2 This graph is a bit choppier because the benchmark ran for only ~1/8 the duration of the Windows machine.
After additional searching, I stumbled across Mac OS X Internals: A Systems Approach. This book goes into depth on the implementation of F_FULLFSYNC
in HFS+ (the predecessor of APFS that is in use today). If you are interested, consider reading these sections of the book. Based on what I have read so far, I suspect the delay occurs in ioctl(disk, DKIOCSYNCHRONIZECACHE)
(and by extension maybe the doSynchronizeCache()
function of the disk driver). However, I have not yet been able to confirm this to be the case (I need to figure out how to work around Apple's sandboxing to run this operation directly).
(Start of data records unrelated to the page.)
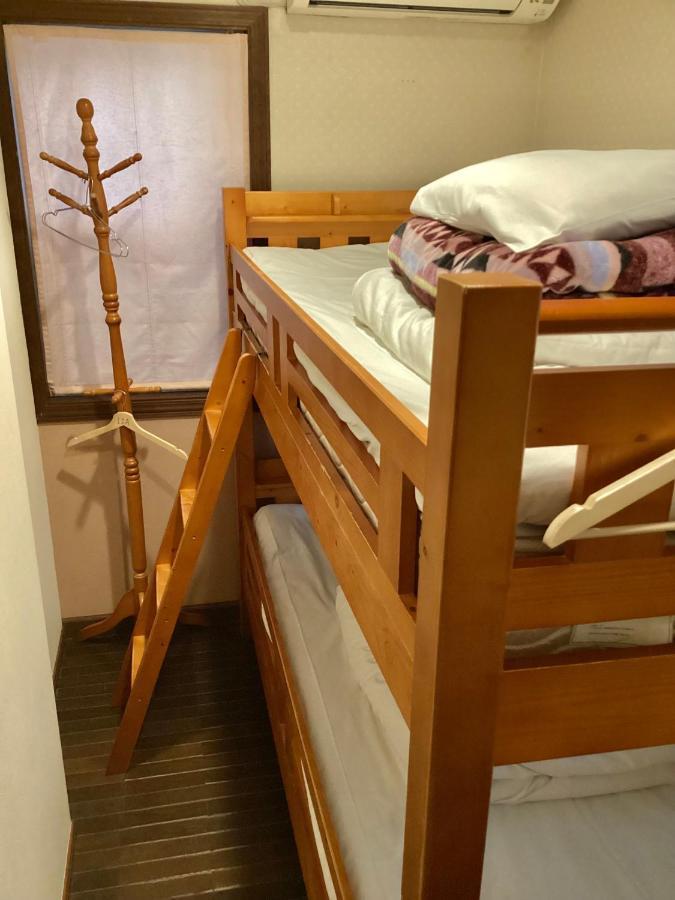 Iza Kamakura Guest House And Bar מראה חיצוני תמונה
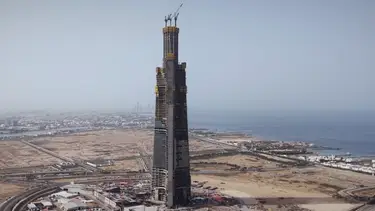 Saudi Binladin Group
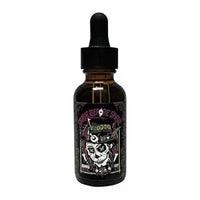 Grave Before Shave The Voodoo Blend Beard Oil 30ml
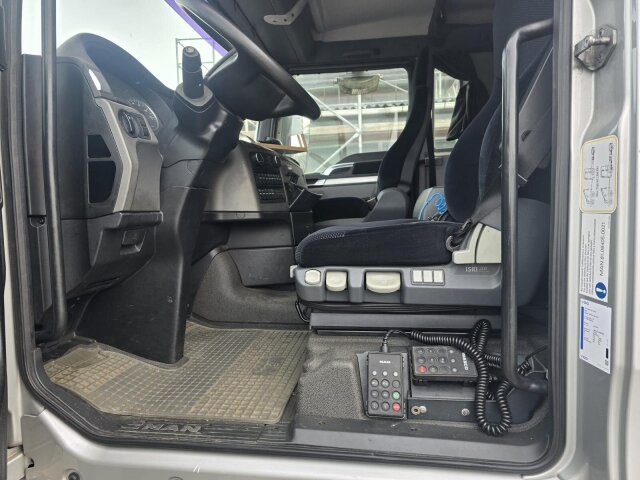 MAN TGX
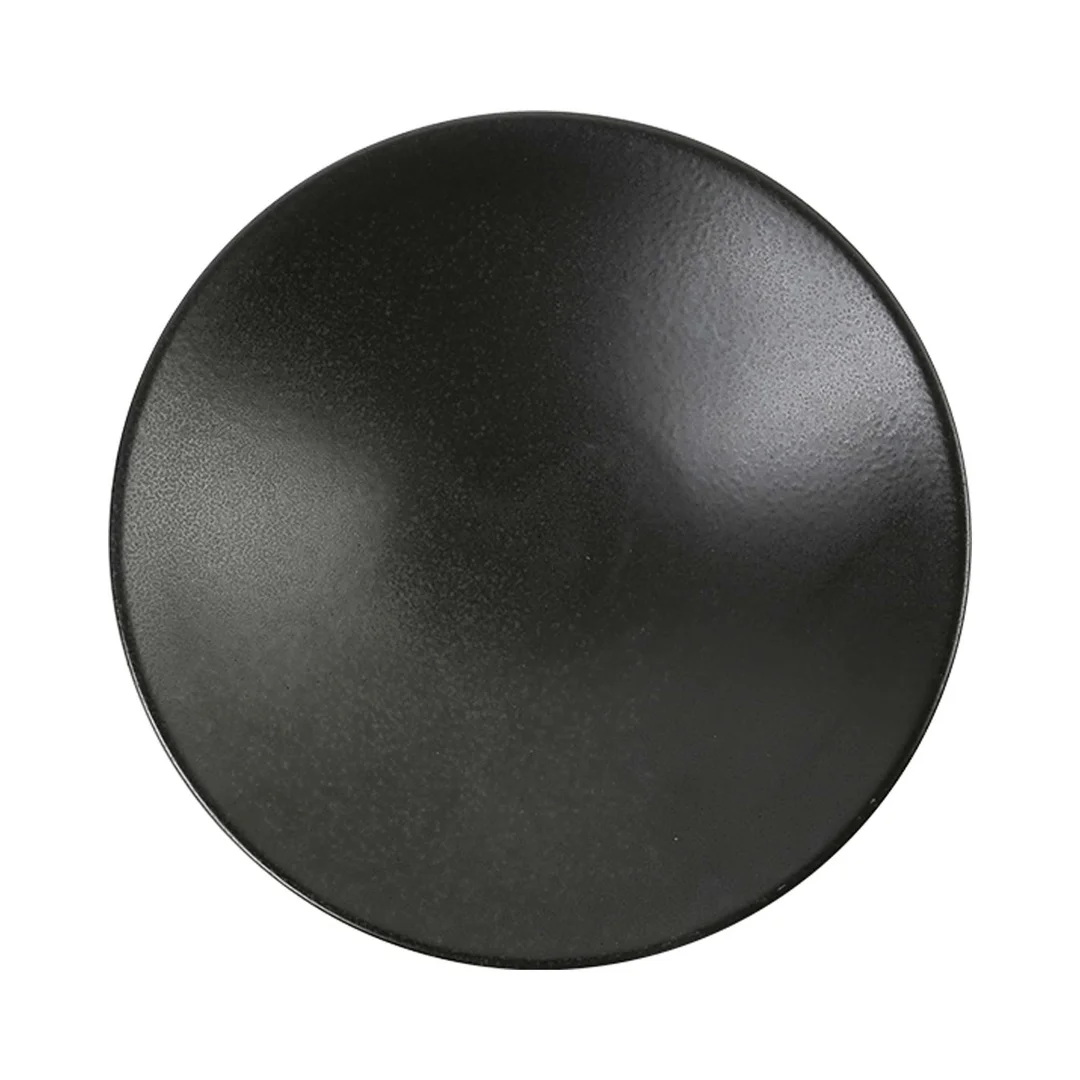 Talerz głęboki Coal śr. 200 mm, 650 ml — zdjęcie 4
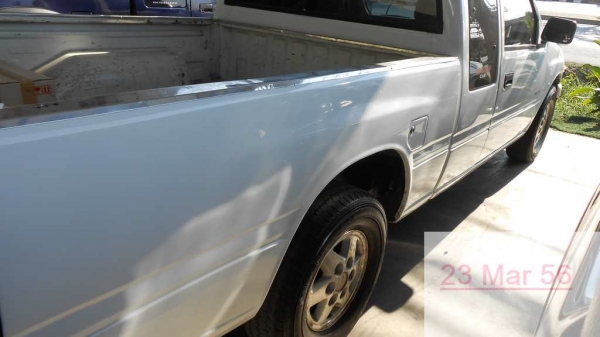 TFR 90HP ปี 97 TFR 90HP ปี 97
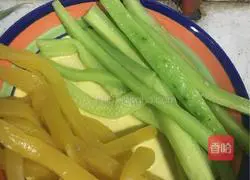 Sushi_Illustration of how to make seaweed rice.2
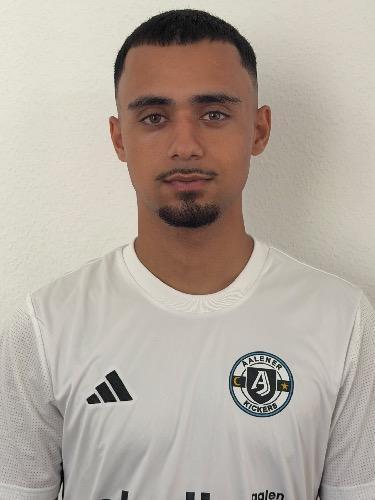 Yusuf-Hamza Bogu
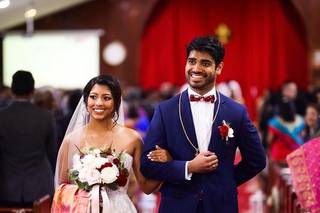 Weddings by Lavenders - 37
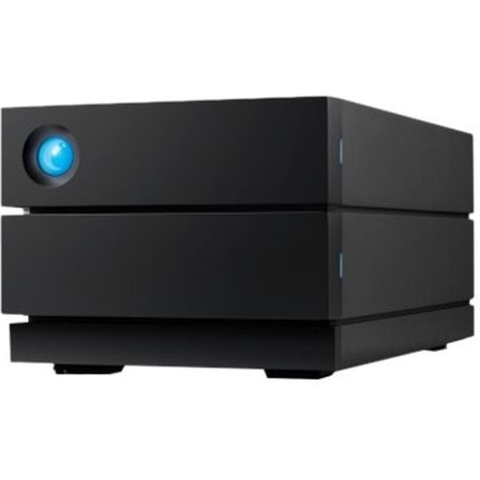 LaCie 2big RAID 16TB USB-C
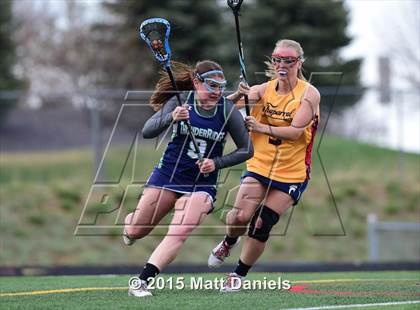 Thumbnail 1 in Chaparral @ ThunderRidge photogallery.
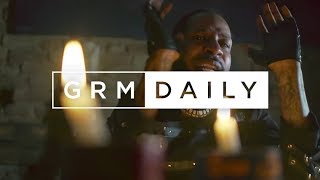 Don Andre - Talk Too Much | GRM Daily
Mac OS X Internals: A Systems Approach By Amit Singh
Chapter 12, Page 1540 FIGURE 12-23 Processing of the
F_FULLSYNC
file control operation
Additionally, I decided to run the benchmark on a MAC from work and got the following result. This machine should be similar to the one used for the original question.
MacOS Sonoma 14.5 with 1T APFS SSD
What is really surprising to me is just how consistent the timing is. It isn't about 4ms, it is 4ms. Or to be more precise, about 3955±15μs3 (Raw Benchmark Data). In the graph you can see that up until around 40k, the line corresponding to the seek time is almost perfectly horizontal. This has been extremely consistent in all of the runs. With such reliable timing, I am suspicious the disk driver might be sleeping for a fixed time period (or some other clock-dependent approach to waiting for flush to complete).
3 I later realized that my previous assertion about the consistency of the F_FULLSYNC
durations was flawed. The way I wrote the benchmark, the result for a given run is the median of multiple samples. This helps filter out outliers, but reduces overall variation. The correct interpretation should have been that "F_FULLSYNC
following writes smaller than ~40KB had a median duration of 3955±15μs as measured across 125 samples/write size".
I went back and put together a new graph showing the distribution of individual samples. This graph consists of 10000 samples per write size sorted in ascending order (Raw Data). I cherry-picked a couple write sizes to reduce the overall clutter, but there are more in the full data. Of the samples taken, the shortest F_FULLFSYNC
took 3256.792μs, however this was an extreme outlier with only 1% of samples being under 3609μs.
I also wanted to say that this is probably as far as I can go looking into this problem. While I am still curious as to the exact cause, I have no experience profiling kernel drivers and I do not want to mess with the security settings of work laptops to try and figure it out.